Google has been a leader in the nascent field of self-driving cars. The technology for those cars will not only push the limits of artificial intelligence and machine vision software, it will also push semiconductor chip technology and hardware systems.
Daniel Rosenband, hardware engineer in the self-driving cars division at Google, spelled that out in a keynote speech this week at the Hot Chips chip conference in Cupertino, Calif. The talk was one of many showing that the frontier for sophisticated semiconductors — the building blocks of all things electronic — is no longer being driven by PCs and smartphones. Instead, it’s being led by the chips that can help cars execute the artificial intelligence algorithms that govern driving and the machine vision software that helps cars distinguish pedestrians or bikers.
Google is just one of many companies that could drive the $330 billion chip industry in a new technical direction. Others working on self-driving cars include Tesla, Honda, BMW, Volvo, Mercedes, and Ford. Uber said it would start testing 100 self-driving on-demand cars in Pittsburgh. General Motors and ride-sharing firm Lyft said they would start testing self-driving taxis by the end of the year.
Kevin Krewell, analyst at Tirias Research, believes self-driving car technology is the “leading driver” for chips. “Deep-learning based car navigation is a new work load that is not the same as other high-performance computing workloads. It’s driving new architectures that require new approaches.” He also said that’s why Intel bought A.I. company Nervana for more than $350 million.
If chips and other systems deliver, the results could be significant. If a self-driving car can give an hour per day back to someone, that’s 5 percent of their waking time. On top of that, self-driving cars may eventually be safer. Rosenband said that 1.2 million people die in car accidents every year.
“That’s a good size city that disappears because of car accidents,” he said. “In the U.S. alone, roughly 35,000 people die of car accidents every year. That’s the equivalent of a passenger aircraft crashing every day. That puts it in perspective.”
Self-driving cars also enable people who can’t drive, such as blind people or people with other disabilities. But the challenge of creating an outstanding self-driving car is high, and the technology is still being tested. A driver using Tesla’s Autopilot feature failed to see a truck in his path and died in a wreck.
But the companies investing in the technology see possibilities for a brighter and safer future.
“We could likely transform the lives of many people,” Rosenband said.
To do that, companies have to make big breakthroughs in artificial intelligence and computer vision. The systems have to be adaptable to ever-changing problems, such as new traffic conditions, pedestrian congestion, and bikers. That takes an awful lot of processing power, and the solution can’t be a partial one.
“We realized from driving on highways that it’s important to solve the problem from end to end,” Rosenband said. “How can you design something that is totally self-driving?”
You have to be able to pick up a person at a destination, drive them somewhere, and drop them off. Google designed a prototype car that drives at 25 miles per hour or less through neighborhoods, and it doesn’t even have a steering wheel. It drives defensively, waiting at an intersection for a second and a half before venturing into the intersection. And it has to calculate the probability of what happens next in any given scene.

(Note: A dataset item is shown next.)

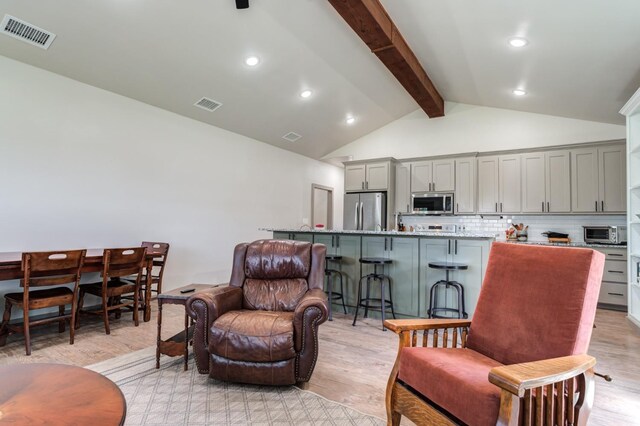 living room featuring high vaulted ceiling, beam ceiling, and light hardwood / wood-style floors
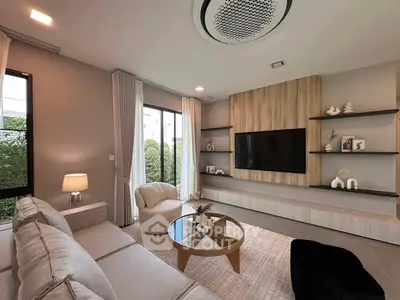 Modern living room with stylish decor and large TV, featuring a cozy sofa and elegant shelving.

The car needs to know where it is, what is around it, what those objects are doing around the car, and how should the car move. This requires a lot of maps and sensors. To get a sense of the 360 degrees around a vehicle, Google uses tech such as Lidar radar systems, which rotate and scan in any direction. Those sensors help generate a 3D model of what is happening around a car. They deliver range and speed of different objects on the road.
For its next-generation prototypes, Google needs something like four times the processing power of its 2015 prototype. It can do that with either general-purpose chips or with custom chips that are addressed directly to a particular problem that a self-driving car would encounter. On a 100 millimeter-squared chip, Google needs something like 50 teraflops of performance, Rosenband said.
“That’s a pretty compelling number,” Rosenband said. “If you look what chips were available ten years ago, I don’t think we could do what we are doing today. Many thanks to the community for that.”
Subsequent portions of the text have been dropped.